This is not a meditation upon bird watching – unless of course you are familiar with the English vernacular as it is spoken in some of the Commonwealth countries, in which case it therefore might be. In that case, the “bird” in question is one whose smiling visage and shapely form graced the walls of millions of men (and perhaps even a few women) throughout the 1970s. I refer, of course, to the pin-up icon and actress Farah Fawcett.

Like most males of the western world who reached adolescence prior to 1980, I had the sacred scroll bearing the image of Ms. Fawcett’s California tan and tousled mane of hair thumb-tacked in a place of honor on my bedroom wall as a testimony to my membership in the ancient and accepted order of men. However as both I and Ms. Fawcett grew older, we lost touch with one another until I doubt either one of us thought of the other one at all (it’s called “poetic license” – just accept it and move on). Then the other day I picked up a newspaper and read a short article that brought all my memories of her flooding back into my mind; however they were quickly thrown askew by what I read – she has terminal cancer.

I will dispense with most of the standard reflections on how, like most icons, I could not even imagine her aging let alone facing the mortal end we shall all meet someday. Do we think of Marilyn Monroe of James Dean as anything other than at the pinnacle of their charismatic vivacity? So I imagine it also is for Ms. Fawcett’s myriad admirers; she will always be smiling, always have her head joyously tilted back just on the verge of laughing. Yet as I read I knew that she is no longer that carefree sprite I knew from my younger years. She is very ill, finished (so it was reported in the article) with the many treatments that were unable to halt the cancer’s relentless advance through her body, and spending her remaining time with her family with only one expressed wish – to be left in peace.

Perhaps it was the guilt I felt at previously and wrongly having viewed her as little more than a pretty piece of flesh, perhaps it was because as a cancer survivor myself I have a first-hand understanding of some of the treatments she endured, or perhaps it was simply because I was suddenly confronted with the awareness that a fellow human being whose life had intersected with mine was suffering – I know not; all I know is that at that moment my heart broke for her.

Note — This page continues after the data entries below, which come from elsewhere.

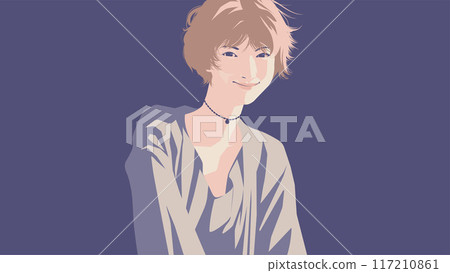 a young beautiful Asian woman with short hair wearing necklace in a violet dress is smiling happily 117210861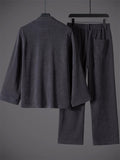Men's 2Pcs Autumn Cotton Blend Corduroy Frog Button TangSuit Outfit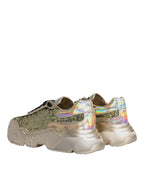 Dolce & Gabbana Gold Sequin Iridiscent Daymaster Sneakers Shoes - ACCEXO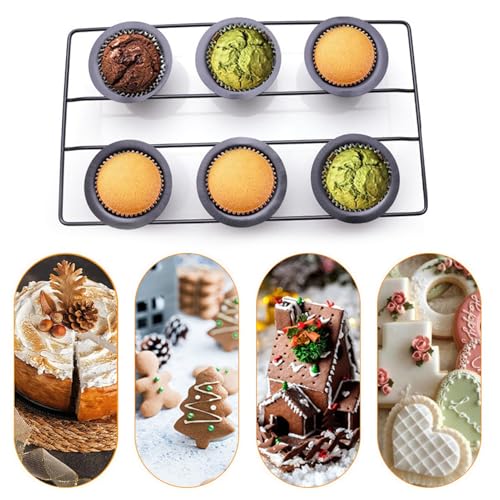 Yokawe Teglia popover a 6 scomparti per cottura al forno, muffin e cupcake, ideale per forno, perfetta per muffin, torte budini e altro ancora, nero - immagine 5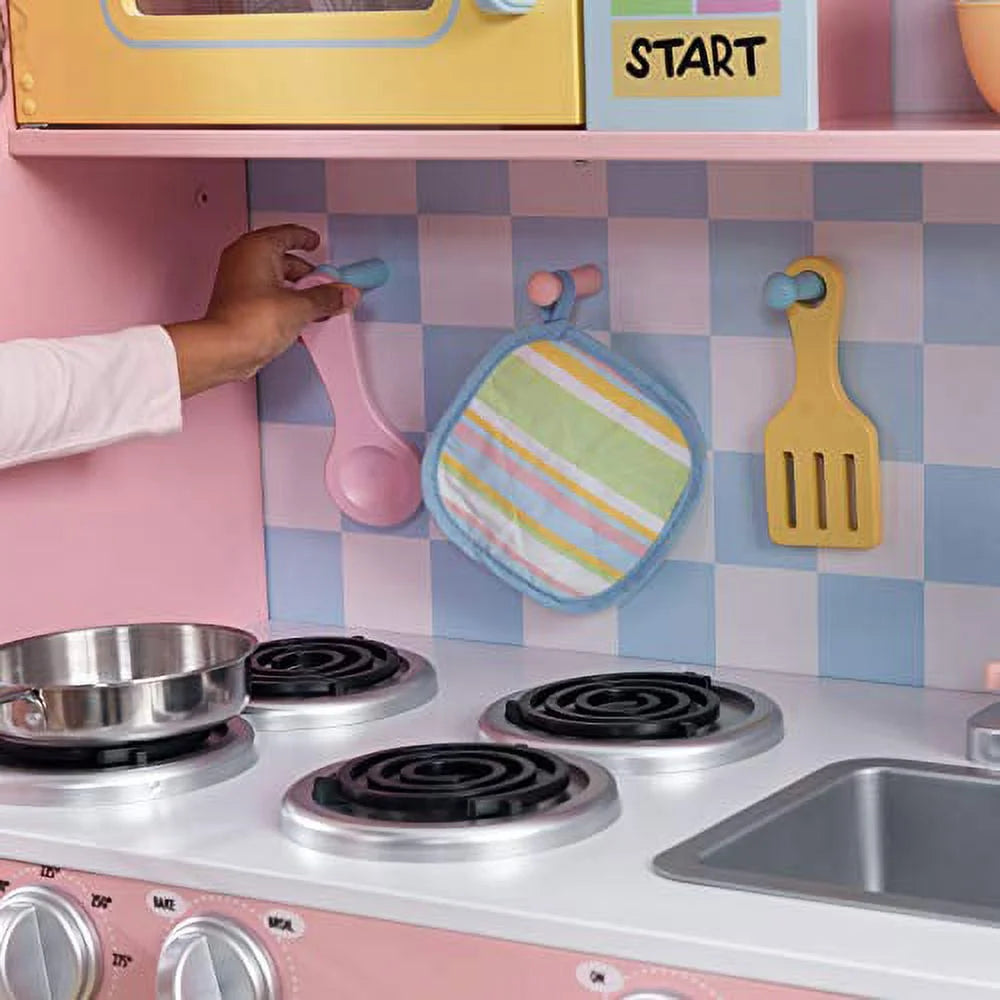 Wooden Pastel Play Kitchen with Turning Knobs and Play Phone Z5512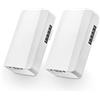 Binardat Ponte wireless per esterni, ponte WiFi punto a punto con porta Ethernet, distanza 2,4 GHz, 500 M-1 KM, 100 Mbps, adattatore PoE 24 V, confezione da 2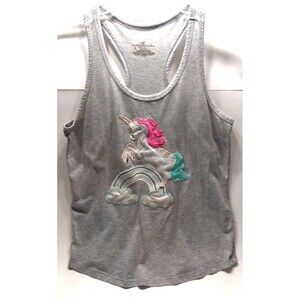 Unicorn Rainbow Tank Small Pink Blue Racerback Sleepwear Gray Bobbie Brooks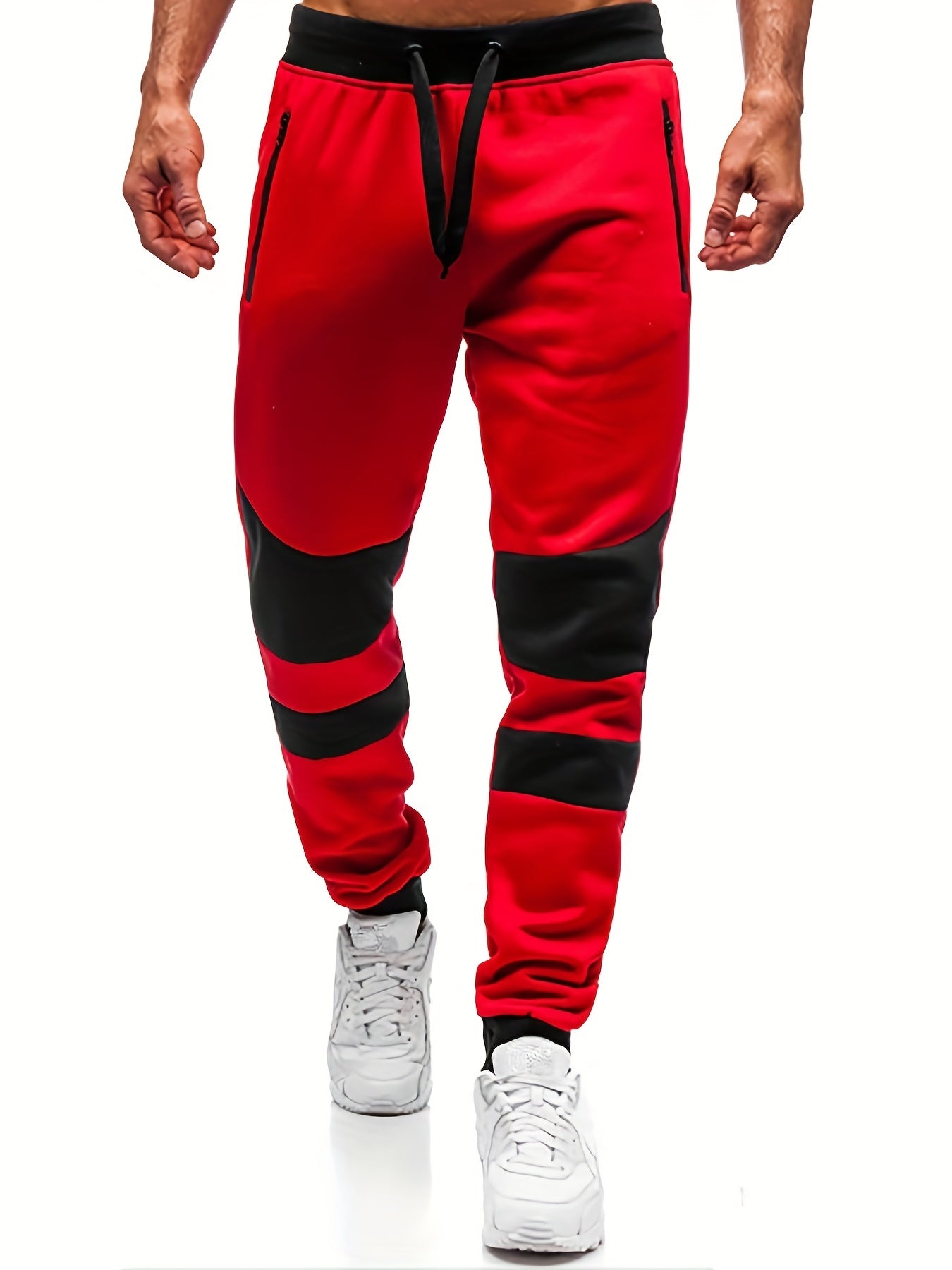 Men's Color Block Joggers - Casual, Loose Fit Pants with Stretch Waist and Drawstring for Year-Round Comfort and Fitness Activities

Over the two years of her cancer treatment she has been hounded by the tabloid media, both print and electronic, that reported (often falsely) every private detail of her life. For one who is healthy such attention must be difficult enough – but for one who is undergoing the battery of treatments that comprise modern medicine’s arsenal against cancer, this must have been sheer Hell.

No one whom I know participates in the tabloid media (or at least admits it to me) but for those who may I would ask this: if you see a copy of one of these periodicals at your local news stand or supermarket magazine rack and notice it to carry a report on Ms. Fawcett’s condition, leave it unbought knowing that she played no part in any article it may carry (the last interview she is said to have given was in August of 2008 to the Los Angeles Times; an interview to be published this coming Friday). Should you have any interest in Ms. Fawcett either now or as you remember her once to have been, please grant her the simple dignity of leaving her in peace. If you are so inclined, I’m reasonably certain a quiet prayer for her and her family would be appreciated as well.